Earth’s Core Contains Nitrogen In The Form Of Liquid Metal, Scientists Confirmed

Earth’s Core Contains Nitrogen In The Form Of Liquid Metal, Scientists Confirmed

New understanding of the metal Earth’s core found at the very center of our planet could provide insight into how the Earth evolved from the elements from space. They may also shed more light on the basic physics of nitrogen, which is one of the most common constituents in the Earth’s atmosphere.

The nitrogen in the Earth’s core is present as a liquid metal

An international group of scientists carried out advanced research to reproduce the Earth’s core characteristics.

Employing high-energy laser rays and optical sensors, scientists witnessed nitrogen particles at over a million times than the standard atmospheric pressure and temperatures of over 3,000 degrees Celsius. Their findings validated that, under such circumstances, nitrogen is present as a liquid metal in the Earth’s core.

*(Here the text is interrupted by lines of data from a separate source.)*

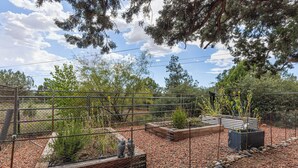 A fenced garden area with various plants and trees. - West Sedona 3BR retreat with game room, patio, and fenced yard. (Sedona)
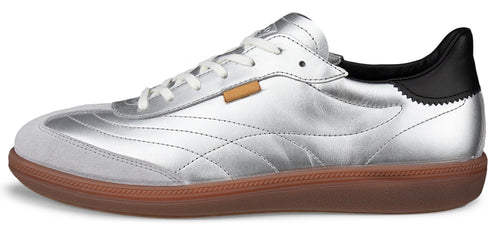 A silver sneaker with white laces and a brown sole.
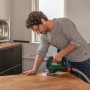 Mann sägt Holz mit Bosch Akku-Stichsäge UniversalSaw 18V-100. Stichsäge mit Staubabsaugung.
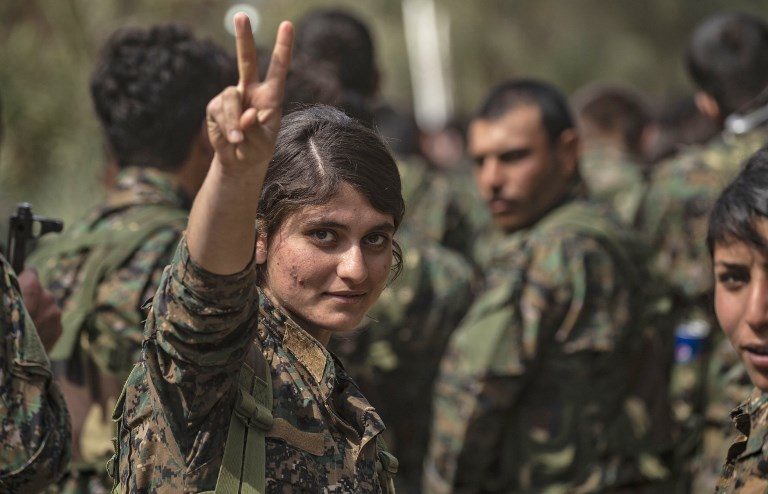 FIGHTER. A female fighter of the US-backed Kurdish-led Syrian Democratic Forces (SDF) flashes the victory gesture while celebrating near the Omar oil field in the eastern Syrian Deir Ezzor province on March 23, 2019. Photo by Delil Souleiman/AFP 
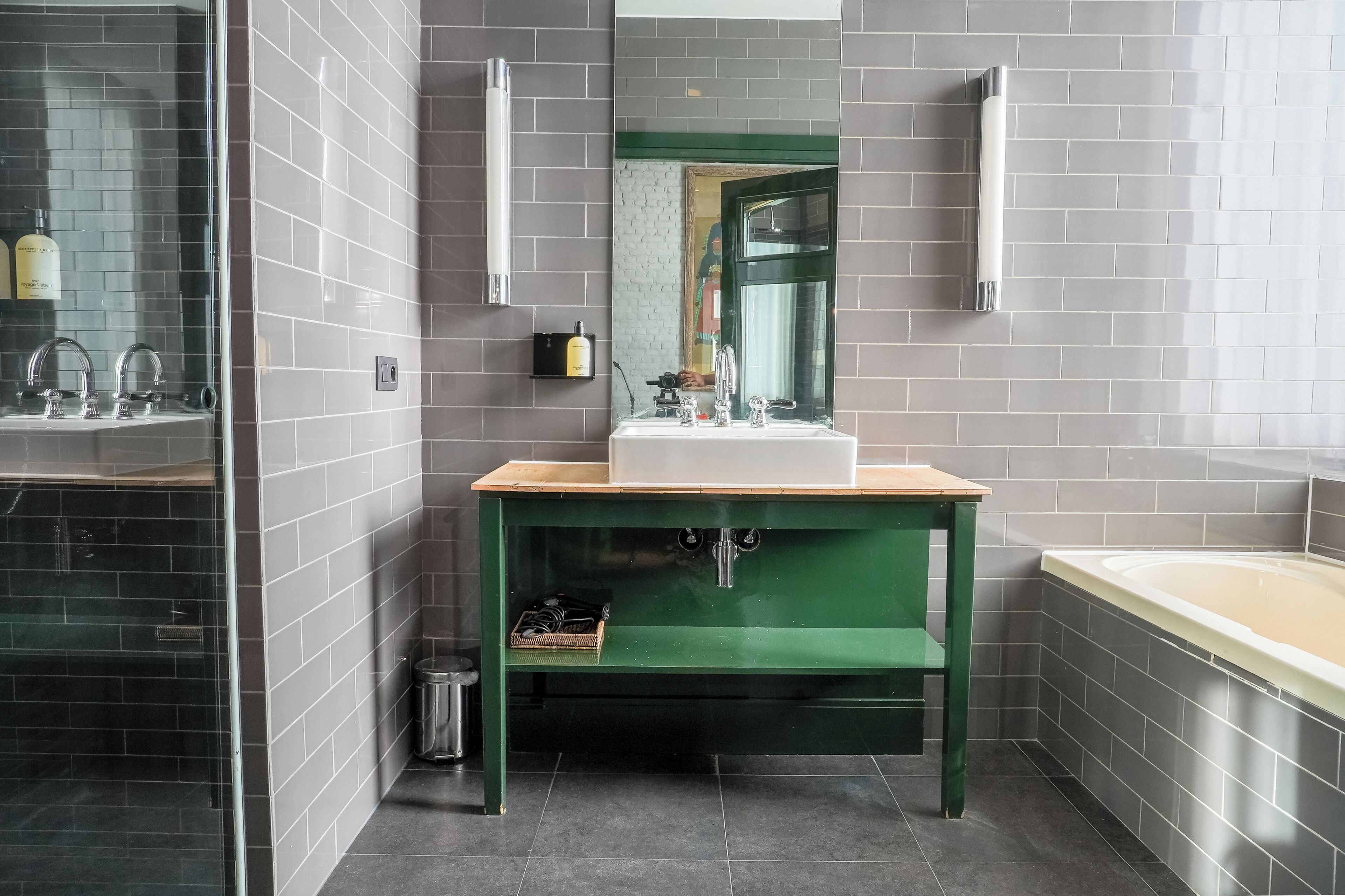 A modern bathroom with a green vanity, a large mirror, and a bathtub.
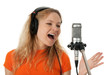 Photo: Singer in headphones singing with the microphone Singer in headphones singing with the microphone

The discoveries offer scientists valuable insights into how nitrogen performs under the most extreme conditions, that may help them better comprehend the way the planets developed.

Nitrogen in Earth’s atmosphere could rise from the depths of the planet

The scientists’ research could also explain why the Earth is currently the only known planet with a large quantity of nitrogen in its atmosphere, in which it is present as a gas. Nitrogen in the atmosphere might rise from the very depths of the planet, where it might, for example, blend with some other liquid metals.

The study, which was carried out by scientists at the University of Edinburgh, the UK, helped by researchers from China and the United States, and issued in the Nature Communications journal, may also shed more light on how the Earth’s atmosphere has developed and can evolve in the years to come.

“The Earth’s atmosphere is the only one of all the planets where nitrogen is the main ingredient, even more than oxygen. it shows that this nitrogen could have emerged from the depths of the planet,” explained Stewart McWilliams from the University of Edinburgh’s Faculty of Physics and Astronomy.